Student Loan Payments Would Also Increase For Borrowers Forced Into IBR
The RAP plan would be the only income-driven repayment option for borrowers who take out federal student loans after July 1, 2026, under the terms of both the House and Senate bills. Borrowers already in repayment on their student loans prior to that date could maintain access to a modified version of Income-Based Repayment, or IBR. But they would lose access to more affordable options like the PAYE and SAVE plans. Borrowers who are enrolled in these plans would be moved into IBR, unless they opt to switch to RAP (but if they do that, they would be locked into RAP, with no option to change plans again in the future).
Both the House and Senate bills would appear to preserve the marital tax treatment of borrowers under IBR, meaning married borrowers enrolled in IBR should continue to be able to file separate federal tax returns to exclude a spouse’s income from being factored into the monthly student loan payment calculation. But moving into IBR from PAYE or SAVE could also significantly increase a borrower’s monthly student loan payment, even if they can continue filing taxes separately.
“A typical family of four headed by a borrower with a bachelor’s degree would be forced to pay an additional $2,808 per year should Congress enact this proposal, when compared to the SAVE plan,” said the Student Borrower Protection Center in a letter to the Senate Health, Education, Labor, and Pensions Committee Chair and Ranking Member on Wednesday. For SAVE plan borrowers in particular, who have been in forbearance for the last year due to ongoing legal challenges, “Borrowers will experience an immediate and unprecedented payment shock as their monthly payments jump from $0 per month to $431 for a typical single student loan borrower with a college degree—an annual increase of more than $5,000” annually, said the group.
Other Changes To Student Loan Programs
The bill would make other changes to the federal student loan system that could also impact married borrowers. The legislation would effectively eliminate income-driven repayment altogether for Parent PLUS borrowers, with the exception of those who have already consolidated their Parent PLUS loans and enrolled in Income-Contingent Repayment. This could push many parent borrowers, who would effectively have no affordable repayment option, into default. The bill would also limit Parent PLUS borrowing and phase out the Graduate PLUS program, which could force families to rely more heavily on private student loans, which which are generally costlier and riskier than their federal counterparts.

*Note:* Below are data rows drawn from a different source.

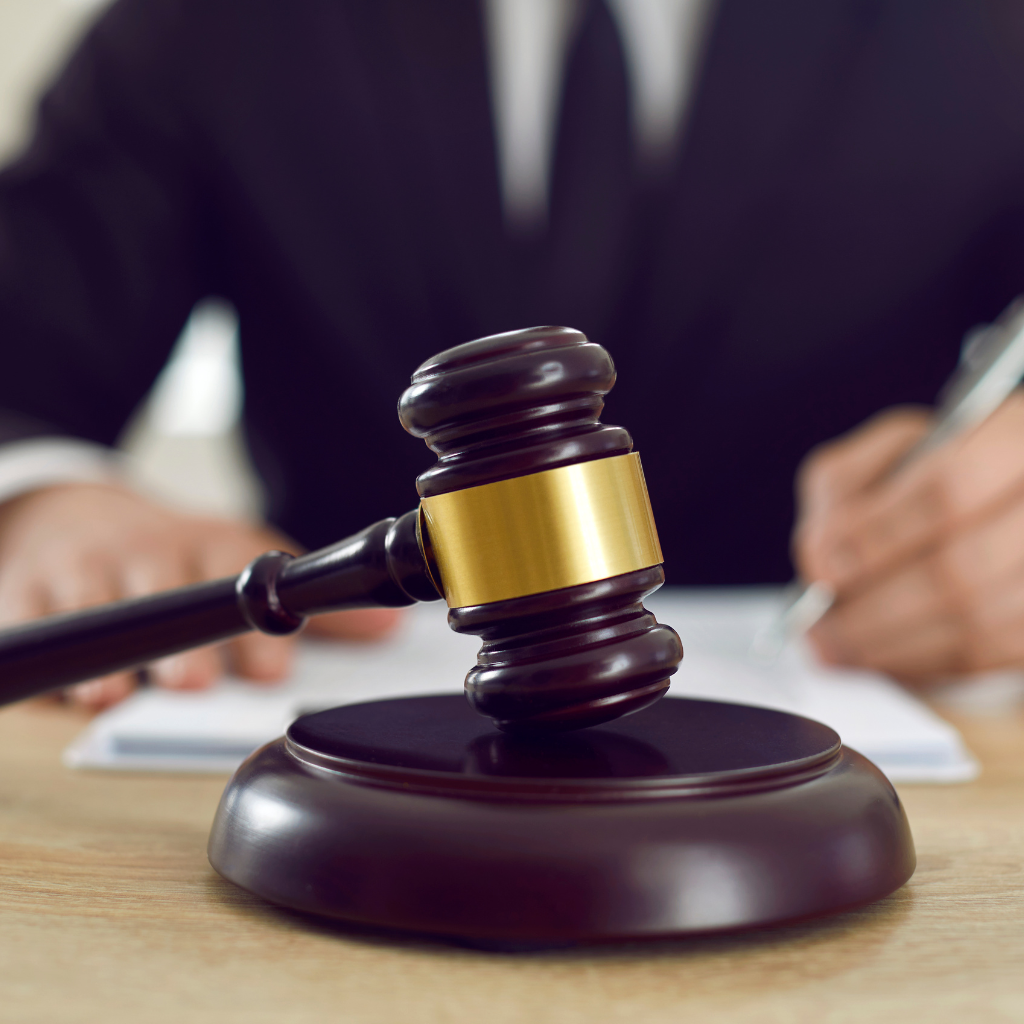 Massachusetts Clerk-Magistrate signing document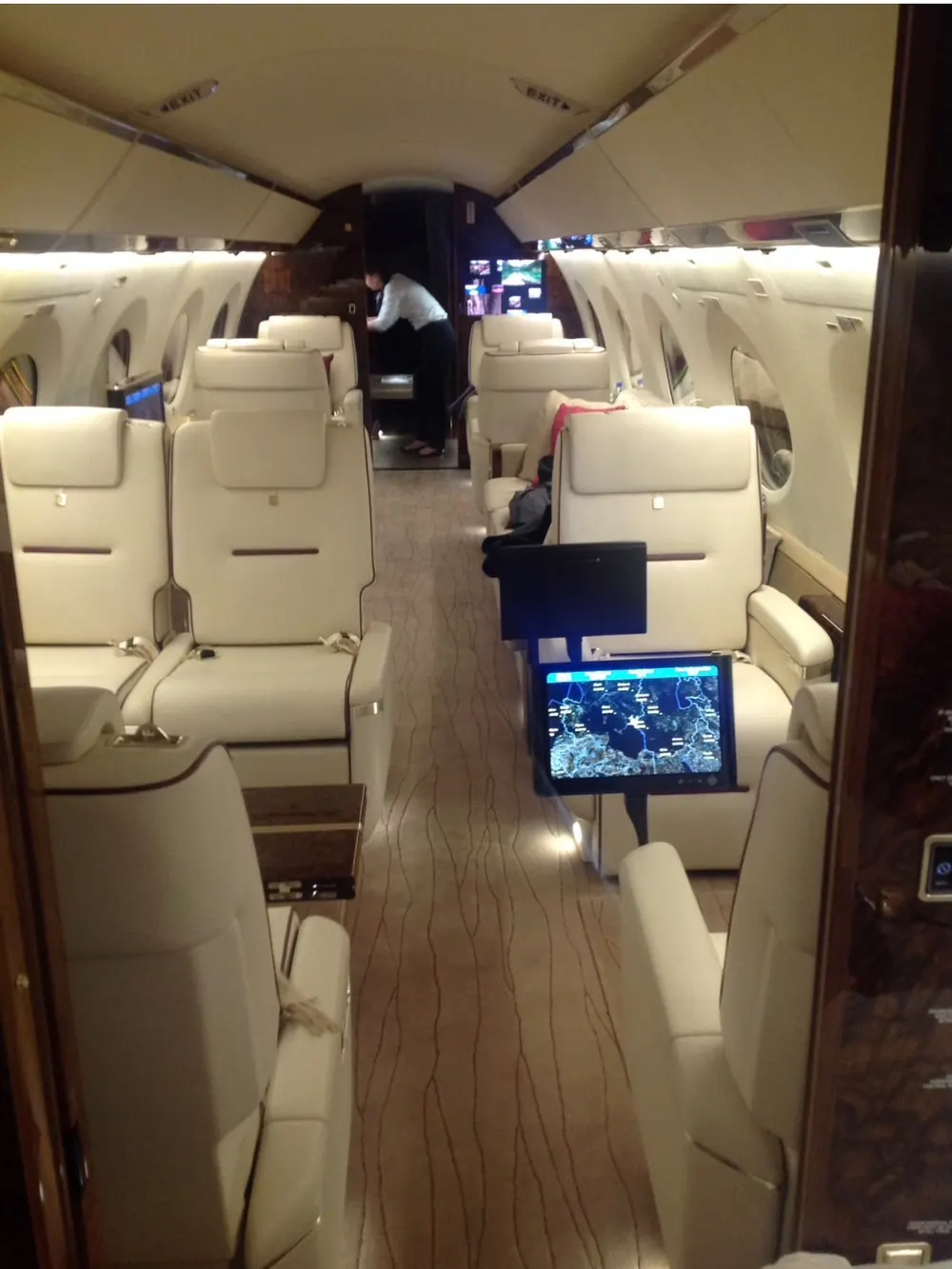 Cabin of a large business jet with cream leather seats and a moving-map display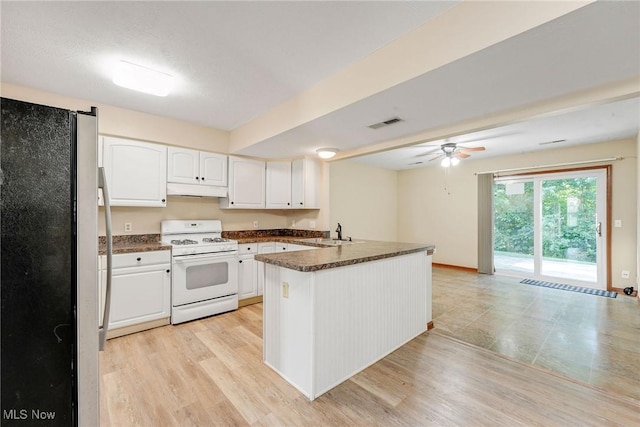 11253 Hampton Bay Ln, Concord, OH 44077 - kitchen with freestanding refrigerator, white range with gas cooktop, a peninsula, dark countertops, and under cabinet range hood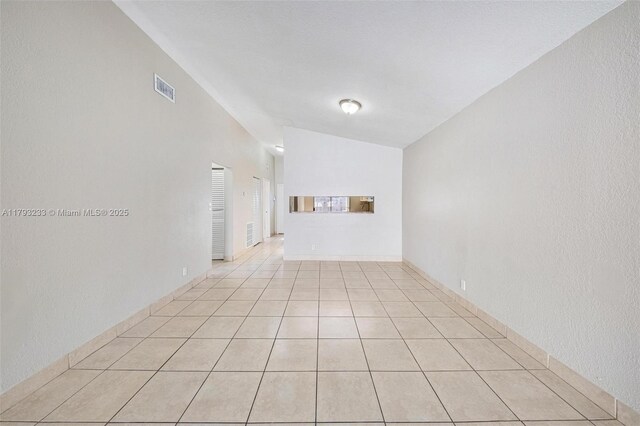 5411 SW 43rd Ter, Dania Beach, FL 33314 - spare room with lofted ceiling, light tile patterned flooring, and visible vents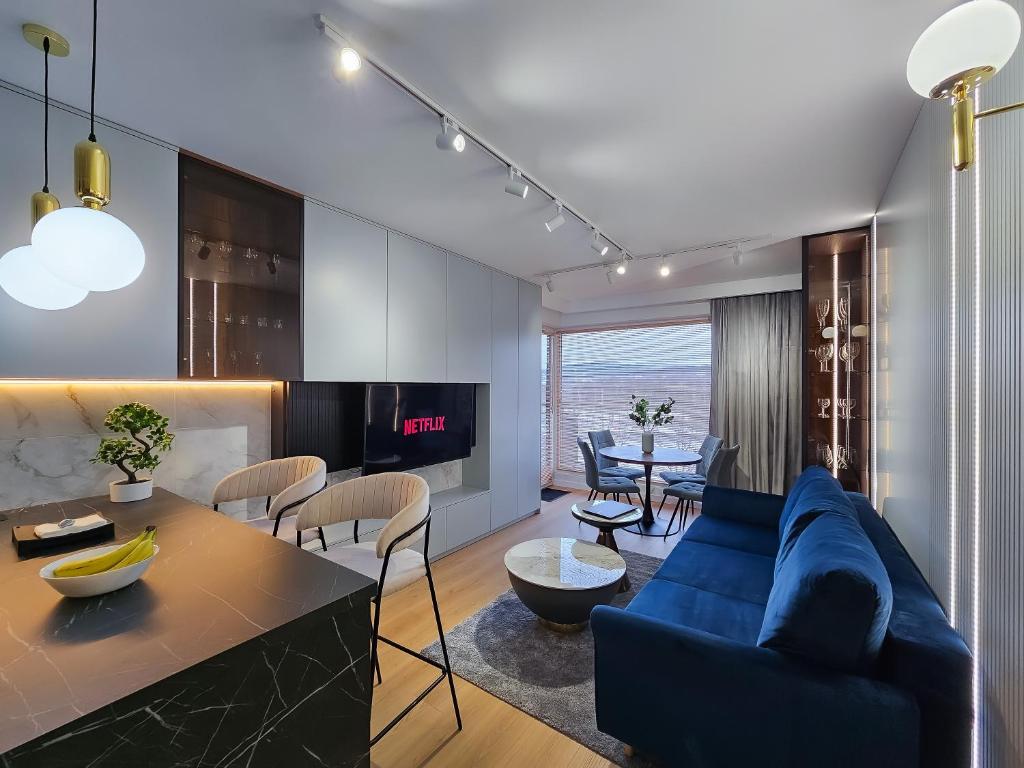 a living room with a blue couch and a table at Aurum Apartamenty Nowy Sącz Aleje Piłsudskiego 20 Bezpłatny parking! in Nowy Sącz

“The Senate reconciliation bill’s higher education provisions would cause widespread harm to American families by making college more expensive, making student debt much harder to repay, unleashing an avalanche of student loan defaults, and rolling back basic protections for students who are defrauded by their college—all to fund tax cuts for the wealthy,” said Sameer Gadkaree, president of The Institute for College Access & Success, in a statement earlier this week. “The proposed overhaul of the student loan repayment system would take the unprecedented step of eliminating existing protections for borrowers. It would implement an overly complex plan that departs from decades of precedent by forcing the lowest-income borrowers to make unaffordable payments and extending the repayment term to 30 years. Taken together, this will likely drive many more borrowers into default.”